Wednesday, 23 October 2013

United against the West? Erdogan and the Turkish generals

Published in Articles

By Halil M. Karaveli (vol. 6, no. 19 of the Turkey Analyst)

The Turkish decision to choose a Chinese anti-missile system demonstrates Turkey’s ambition to forge an independent defense identity. It is another indication that the ruling Islamic conservatives do not feel indebted to the United States. But the decision is also a reminder that the Turkish generals no longer do America’s bidding.  Western policymakers who are angered by the Turkish decision to go Chinese in missile defense would do well to ask if the assumptions that have guided their policies toward Turkey during the last decade may have been flawed.

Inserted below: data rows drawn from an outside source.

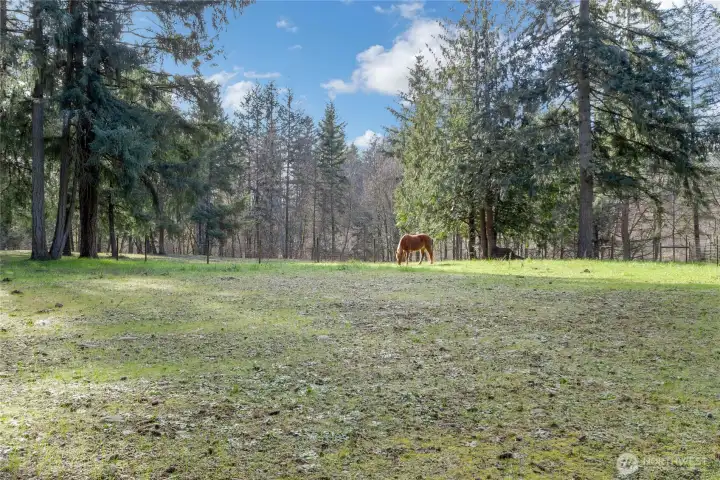 Pastures for your horses, cattle, goats to enjoy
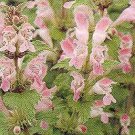 Lamium purpureum 1,000 seeds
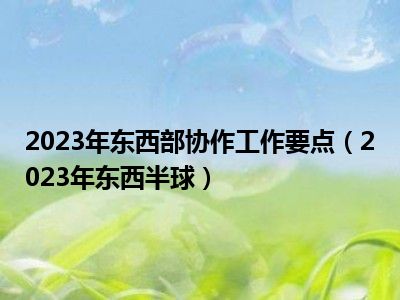 2023年东西部协作工作要点（2023年东西半球）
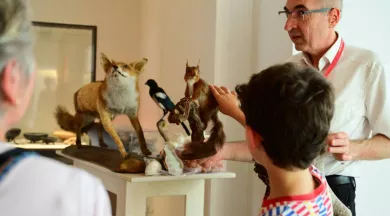 CP- atelier la taxidermie c'est tripant (3) - © Ville du Mans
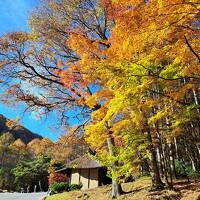 【中山道】17-３　ついに中山道最難関の和田峠へ、紅葉は美しいが、ありゃ？靴はどうした？？　和田峠入口～西餅屋の一里塚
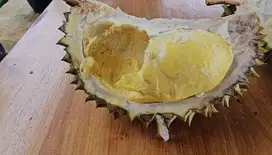 Jual kebun durian di bogor sudah Berbuah,Bonus Villa,Rumah walet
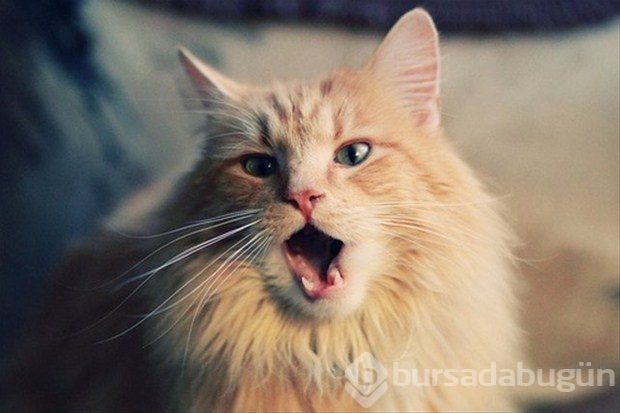 İslam'da kedinin yeri	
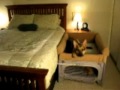 Bed Extender For Dogs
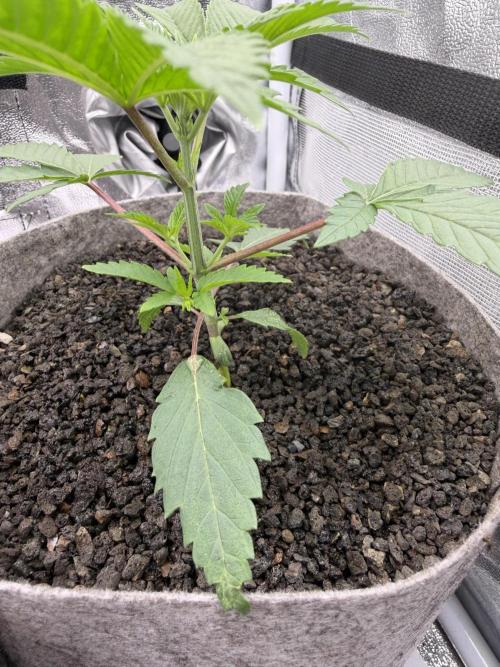 Seed Supplier Projekt. Week 4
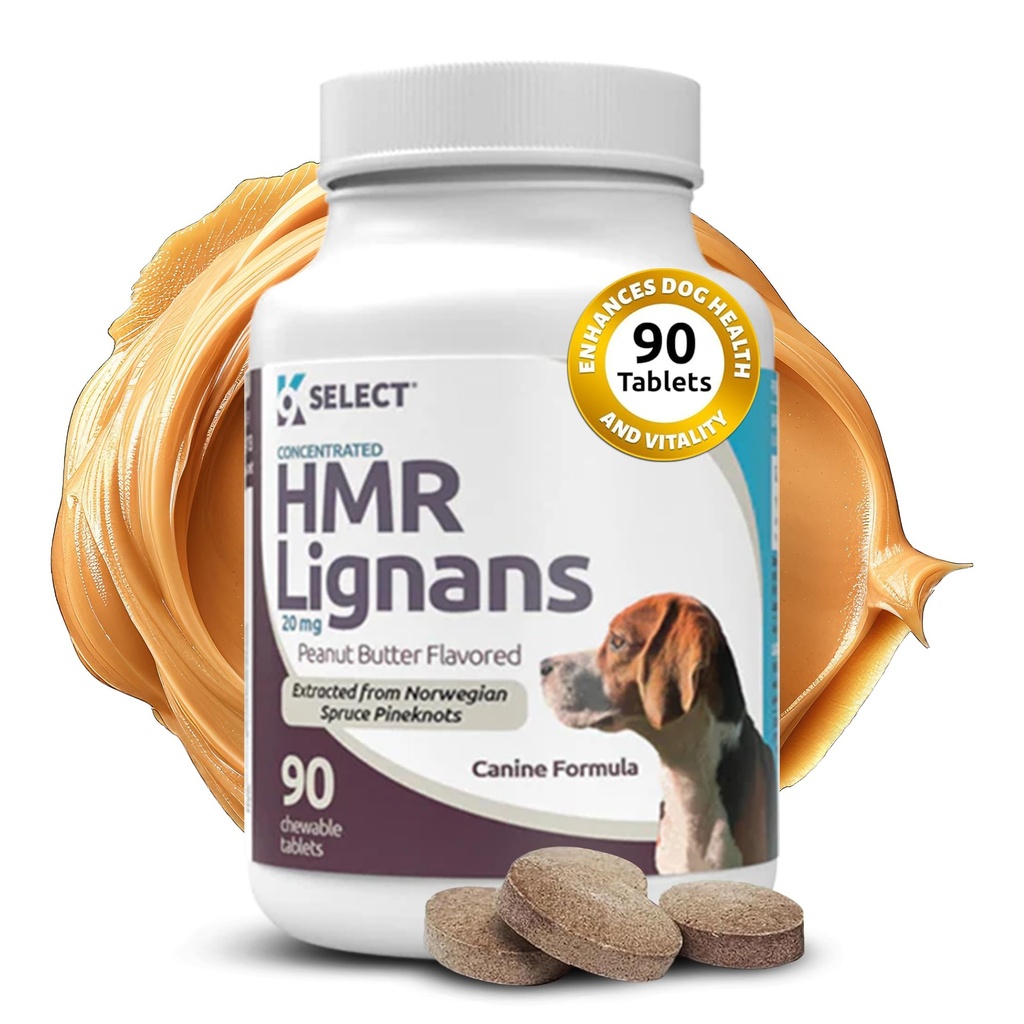 K9 Válassza HMR Lignas kutyáknak - Enhancer for General Wellness, Immune Support for Dogs - Norvégia Spruce kivonat Holisztikus kutya egészség - emésztés, & Coat Care - Mogyoróvaj, 20mg, 90 tabletta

BACKGROUND:  On September 26, 2013, the Turkish Defense Industry Executive Committee announced its decision to award its high-altitude missile defense contract to the China Precision Machinery Import-Export Corporation (CPMIEC).  The Defense Industry Executive Committee is co-chaired by the prime minister, the chief of the General staff and the minister of defense. The main other competitors for the tender were the Patriot missile long-range air-defense system, produced by U.S. partners Raytheon and Lockheed Martin; Russia's Rosoboronexport with its S-400 system and the Italian-French Eurosam and its SAMP/T Aster 30. China Precision Machinery Import-Export Corporation is under U.S. sanctions for having conducted business with Iran, Syria and North Korea, and Washington has expressed its concerns to Turkey, an ally and NATO member, over its decision to opt for the Chinese system.  NATO officials are concerned over the interoperability of the Chinese air defense system with the Alliance’s integrated defense capabilities. Yet what must be appreciated is the overarching political considerations and psychological factors that have set the framework for the Turkish decision.

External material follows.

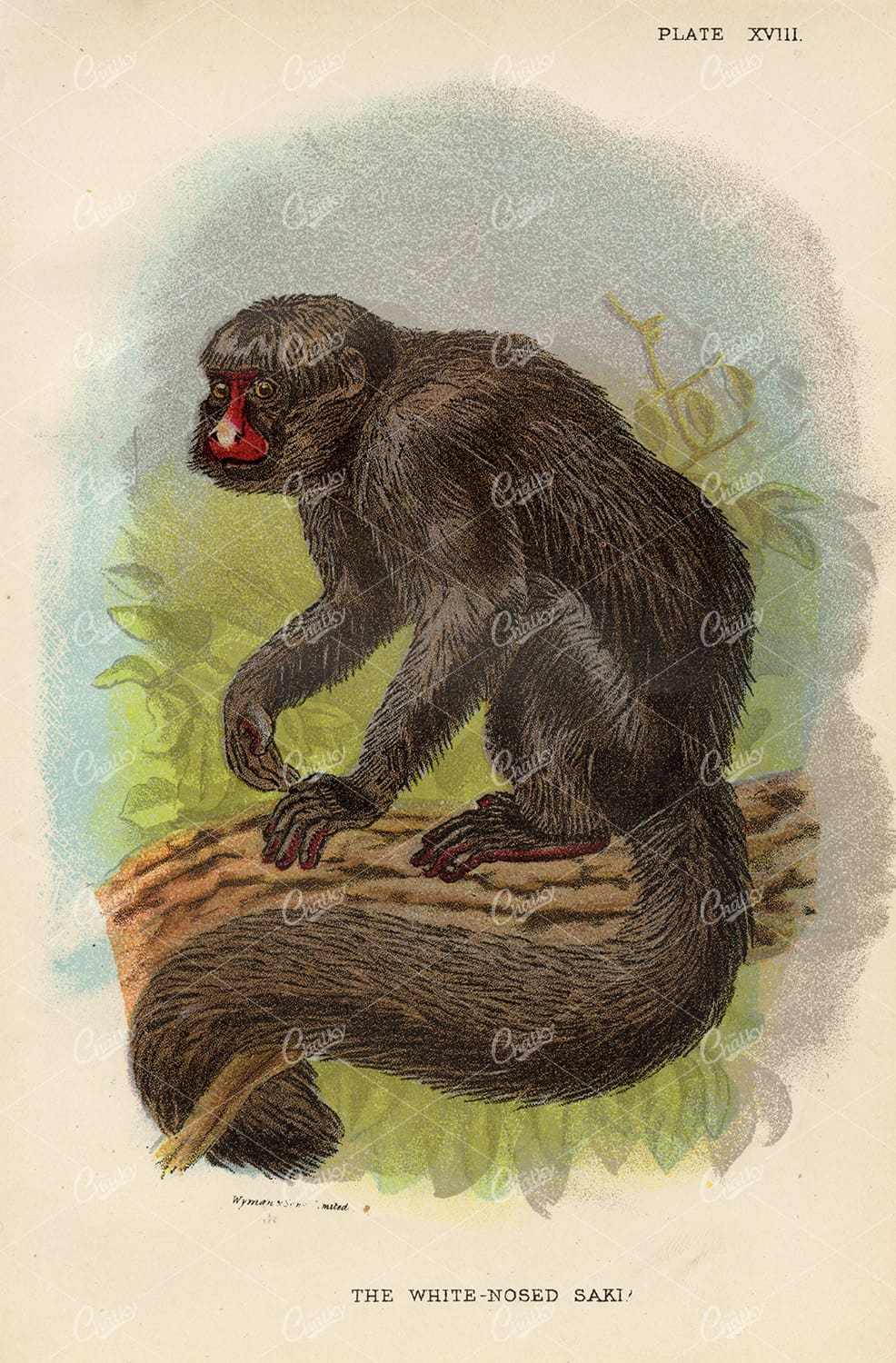 The White-Nosed Saki - 1896 Vintage Coloured Print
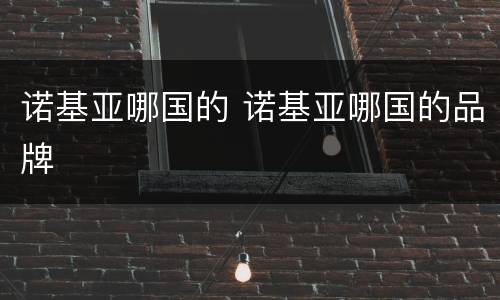 诺基亚哪国的 诺基亚哪国的品牌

According to Turkish press reports, the Chinese side went to great lengths to accommodate Turkey: not only was the price was decreased from US$4 billion to 3 billion, but more importantly, the Chinese agreed to transfer critical technology to Turkey, and the anti-missile defense will be a Chinese-Turkish joint production. Indeed, Turkish officials have defended what is a controversial decision from a NATO perspective as being the result of the willingness of the Chinese to share know-how with Turkey. In a statement this week, Prime Minister Recep Tayyip Erdoğan underlined that the prospect of co-production was a decisive criterion for Turkey. “Because, when we take such a step, we want to make sure that we can produce these (missiles) ourselves in the future,” he said. Erdoğan also dismissed the criticism from NATO, saying that “statements made by NATO or any other country is not going to be decisive. No one has the right to cast a shadow over our understanding of independence.”

It would be a mistake to assume that Turkey is not serious, and to expect that the decision will eventually be rescinded after Turkey has secured a better offer in financial terms from one of the Western rivals for the tender – something that some Western diplomats and observers have predicted. To assume that would be to underestimate the deep-seated political and psychological motives and impulses that explain why Turkey, a NATO country, has opted for a Chinese anti-missile defense system.

The decision obviously speaks of the strategic perceptions and geopolitical inclinations of the ruling Justice and Development Party (AKP); but it also, and no less importantly, bears testimony to how much the Turkish military – that could once be safely counted on by the United States to impose the preferences of the Pentagon on the nominal, civilian rulers – have become estranged from the West.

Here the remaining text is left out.